If the join event in the cluster event queue is updated by another
node's accept message, the node doesn't call sd_accept_handler().
However, the current implementation doesn't check arriving messages
while it dispatches events, so all the nodes seems to call
sd_accept_handler with the corosync and zookeeper drivers.

> 
> >  3. All the nodes update cluster members.
> > 
> > It is allowed for the multiple nodes to call sd_accept_handler()
> > against the same join request, but at least one node must have to do
> > it.  With this change, we can eliminate a master, and node failure
> > while accepting node join is also allowed.
> > 
> 
> Why sd_accept_handler is reentrant in cluster aspect? I noticed that, e.g,

It is because if only one node calls sd_accept_handler(), the node can
be a SPOF while processing the joining node.  Allowing multiple nodes
to call sd_accept_handler() looks the simplest way to me.  I agree
that this needs a discussion, though.

> push_join_response() of zk driver are called on all the nodes too. So if
> following case happens, can sheep handle it?
> 
> 2 nodes in the cluster {A, B}. And C is joining the cluster.
> 
> A -> push_join_response() and quickly return, watcher of A, B, C is called
>      to handle EVENT_ACCEPT from A.
> B -> push_join_response() slowly return because of network, A, B, C handles
>      EVENT_ACCEPT from B.
> 
> Simply put, can sheep hanle multiple EVENT_ACCEPT of the same node?

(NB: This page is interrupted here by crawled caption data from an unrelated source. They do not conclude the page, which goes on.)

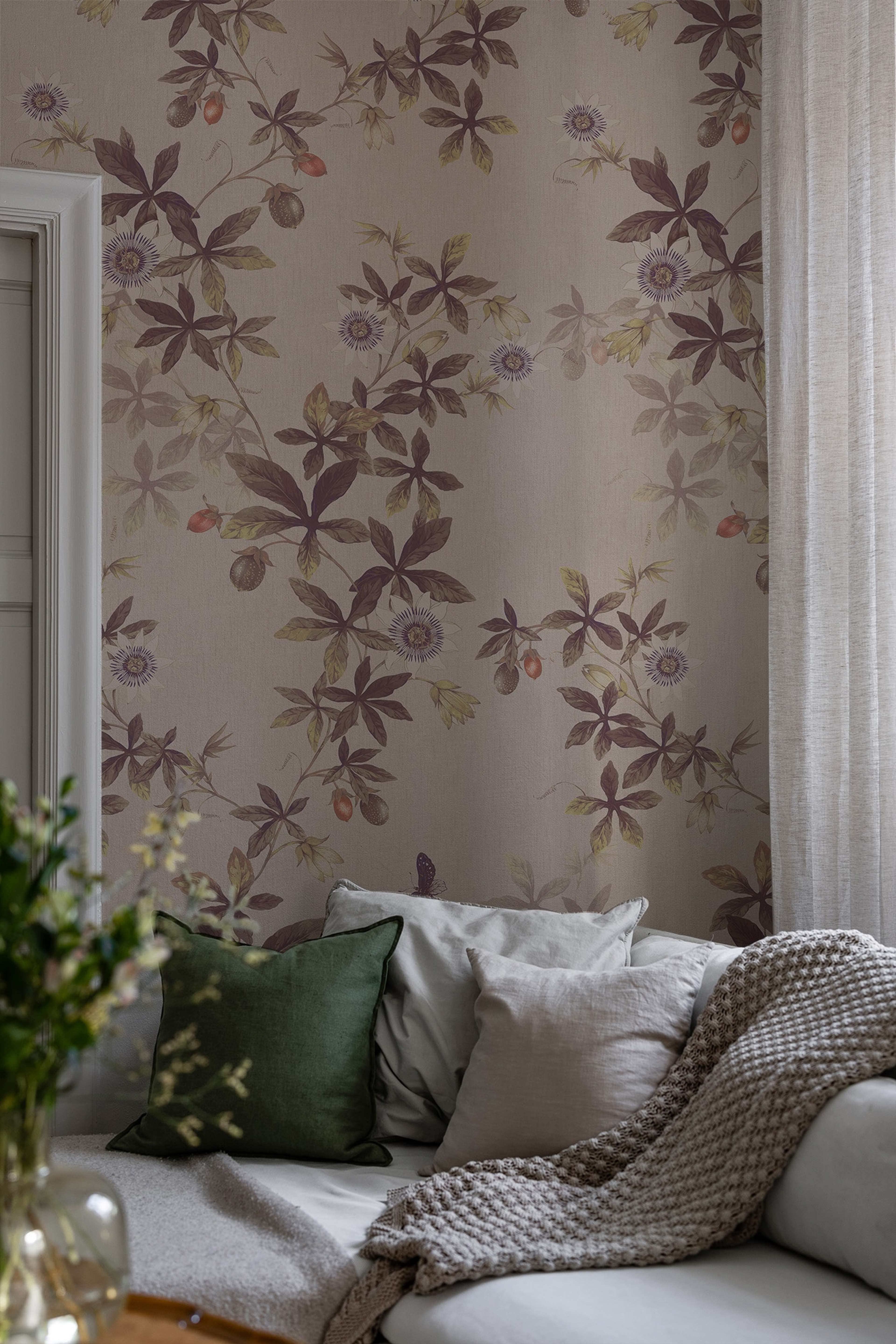 Passiflora tapet med botaniskt mönster i grön. Från kollektionen Flora. Nonwoven-material med rak passning.​​​​‌﻿‍﻿​‍​‍‌‍﻿﻿‌﻿​‍‌‍‍‌‌‍‌﻿‌‍‍‌‌‍﻿‍​‍​‍​﻿‍‍​‍​‍‌﻿​﻿‌‍​‌‌‍﻿‍‌‍‍‌‌﻿‌​‌﻿‍‌​‍﻿‍‌‍‍‌‌‍﻿﻿​‍​‍​‍﻿​​‍​‍‌‍‍​‌﻿​‍‌‍‌‌‌‍‌‍​‍​‍​﻿‍‍​‍​‍‌‍‍​‌﻿‌​‌﻿‌​‌﻿​​‌﻿​﻿​﻿‍‍​‍﻿﻿​‍﻿﻿‌﻿‌﻿‌﻿‌﻿‌﻿‌﻿​‍﻿‍‌‍​﻿‌‍﻿﻿‌‍﻿​‌‍﻿﻿‌﻿​‍‌‍​‌‌‍﻿‌‌‍​‌​‍﻿‍‌﻿​﻿‌‍‌‌​‍﻿﻿‌﻿​﻿‌﻿‌​‌﻿‌‌‌‍‌​‌‍‍‌‌‍﻿﻿​‍﻿﻿‌‍‍‌‌‍﻿‍‌﻿‌​‌‍‌‌‌‍﻿‍‌﻿‌​​‍﻿﻿‌‍‌‌‌‍‌​‌‍‍‌‌﻿‌​​‍﻿﻿‌‍﻿‌‌‍﻿﻿‌‍‌​‌‍‌‌​﻿﻿‌‌﻿​​‌﻿​‍‌‍‌‌‌﻿​﻿‌‍‌‌‌‍﻿‍‌﻿‌​‌‍​‌‌﻿‌​‌‍‍‌‌‍﻿﻿‌‍﻿‍​﻿‍﻿‌‍‍‌‌‍‌​​﻿﻿‌‌‍‍‌‌‍﻿‌‌‍​‌‌‍‌﻿‌‍‌‌​‍﻿‌​﻿​‌​﻿‌﻿‌‍‌​‌‍​‍‌‍​﻿‌‍‌‍​﻿​‌‌‍‌‌‌‍​﻿​﻿​‌‌‍‌​​﻿​​‌‍‌‍​﻿‌​​﻿​‍​﻿‌‌​﻿‍​​﻿​﻿‌‍​﻿​﻿‌﻿‌‍​‍‌‍​﻿​﻿​‍​﻿‌​‌‍​‌‌‍‌‍​﻿‌﻿​﻿‍‌​﻿‌﻿​﻿​﻿​﻿‌‌‌‍‌‍‌‍​‌‌‍​﻿‌‍​‍‌‍​﻿​﻿‍​​﻿‌​​﻿‍‌​﻿‌‍​‍﻿‌​﻿​‌​﻿​﻿​﻿​﻿​﻿​﻿‌﻿‍​​﻿​‍​﻿​​​﻿​​​﻿​​​‍﻿‌‌‍‍‍‌﻿​​‌‍‌﻿​﻿‍﻿‌﻿‌​‌﻿‍‌‌﻿​​‌‍‌‌​﻿﻿‌‌﻿​﻿‌‍​‌‌‍﻿‍‌‍‍‌‌﻿‌​‌﻿‍‌​‍﻿‍‌‍‍‌‌‍﻿‌‌‍​‌‌‍‌﻿‌‍‌‌‌​​‌‌﻿​﻿‌﻿​﻿‌‍‌‌‌﻿‌​​﻿‍﻿‌﻿​​‌‍​‌‌﻿‌​‌‍‍​​﻿﻿‌‌‍​‌‌‍﻿​‌﻿‌​‌‌‌​‌‍‌‌‌﻿‍​‌﻿‌​​﻿﻿﻿‌‍​‍‌‍​‌‌﻿​﻿‌‍‌‌‌‌‌‌‌﻿​‍‌‍﻿​​﻿﻿‌‌‍‍​‌﻿‌​‌﻿‌​‌﻿​​‌﻿​﻿​‍‌‌​﻿​﻿‌​​‌​‍‌‌​﻿​‍‌​‌‍​‍‌‌​﻿​‍‌​‌‍‌﻿‌﻿‌﻿‌﻿‌﻿‌﻿​‍﻿‍‌‍​﻿‌‍﻿﻿‌‍﻿​‌‍﻿﻿‌﻿​‍‌‍​‌‌‍﻿‌‌‍​‌​‍﻿‍‌﻿​﻿‌‍‌‌​‍‌‌​﻿​‍‌​‌‍‌﻿​﻿‌﻿‌​‌﻿‌‌‌‍‌​‌‍‍‌‌‍﻿﻿​‍‌‍‌‍‍‌‌‍‌​​﻿﻿‌‌‍‍‌‌‍﻿‌‌‍​‌‌‍‌﻿‌‍‌‌​‍﻿‌​﻿​‌​﻿‌﻿‌‍‌​‌‍​‍‌‍​﻿‌‍‌‍​﻿​‌‌‍‌‌‌‍​﻿​﻿​‌‌‍‌​​﻿​​‌‍‌‍​﻿‌​​﻿​‍​﻿‌‌​﻿‍​​﻿​﻿‌‍​﻿​﻿‌﻿‌‍​‍‌‍​﻿​﻿​‍​﻿‌​‌‍​‌‌‍‌‍​﻿‌﻿​﻿‍‌​﻿‌﻿​﻿​﻿​﻿‌‌‌‍‌‍‌‍​‌‌‍​﻿‌‍​‍‌‍​﻿​﻿‍​​﻿‌​​﻿‍‌​﻿‌‍​‍﻿‌​﻿​‌​﻿​﻿​﻿​﻿​﻿​﻿‌﻿‍​​﻿​‍​﻿​​​﻿​​​﻿​​​‍﻿‌‌‍‍‍‌﻿​​‌‍‌﻿​‍‌‍‌﻿‌​‌﻿‍‌‌﻿​​‌‍‌‌​﻿﻿‌‌﻿​﻿‌‍​‌‌‍﻿‍‌‍‍‌‌﻿‌​‌﻿‍‌​‍﻿‍‌‍‍‌‌‍﻿‌‌‍​‌‌‍‌﻿‌‍‌‌‌​​‌‌﻿​﻿‌﻿​﻿‌‍‌‌‌﻿‌​​‍‌‍‌﻿​​‌‍​‌‌﻿‌​‌‍‍​​﻿﻿‌‌‍​‌‌‍﻿​‌﻿‌​‌‌‌​‌‍‌‌‌﻿‍​‌﻿‌​​‍‌‍‌﻿​​‌‍‌‌‌﻿​‍‌﻿​﻿‌﻿​​‌‍‌‌‌‍​﻿‌﻿‌​‌‍‍‌‌﻿‌‍‌‍‌‌​﻿﻿‌‌﻿​​‌﻿‌‌‌‍​‍‌‍﻿​‌‍‍‌‌﻿​﻿‌‍‍​‌‍‌‌‌‍‌​​‍​‍‌﻿﻿‌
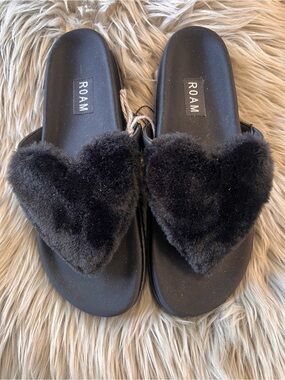 NWT Roam furry love cloud sandal
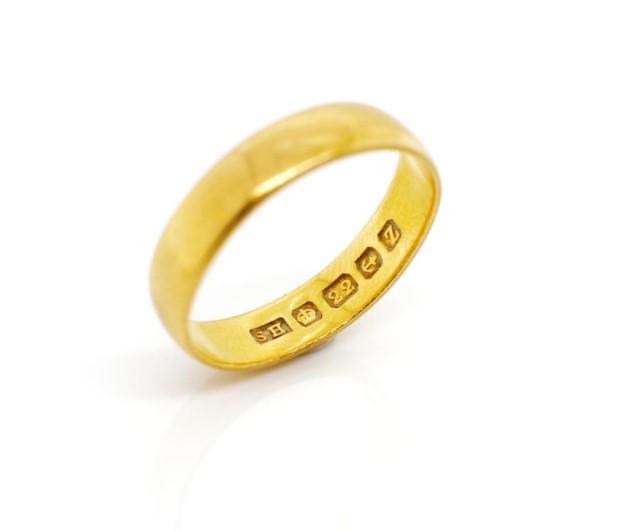 George V 22ct yellow gold ring - Image 2 of 5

I think the answer is yes.

 - local: The event queue is a mmapped file and guared by flock, so
   concurrent sd_accept_handler() calls don't happen.

 - corosync: cdrv_cpg_deliver() ignores the arriving
   COROSYNC_MSG_TYPE_ACCEPT() if there is no JOIN event in the queue.

 - zookeeper: push_join_response() just overwrites the znode with
   EVENT_ACCEPT, and multiple calls of push_join_response() is no
   problem.

Thanks,

Kazutaka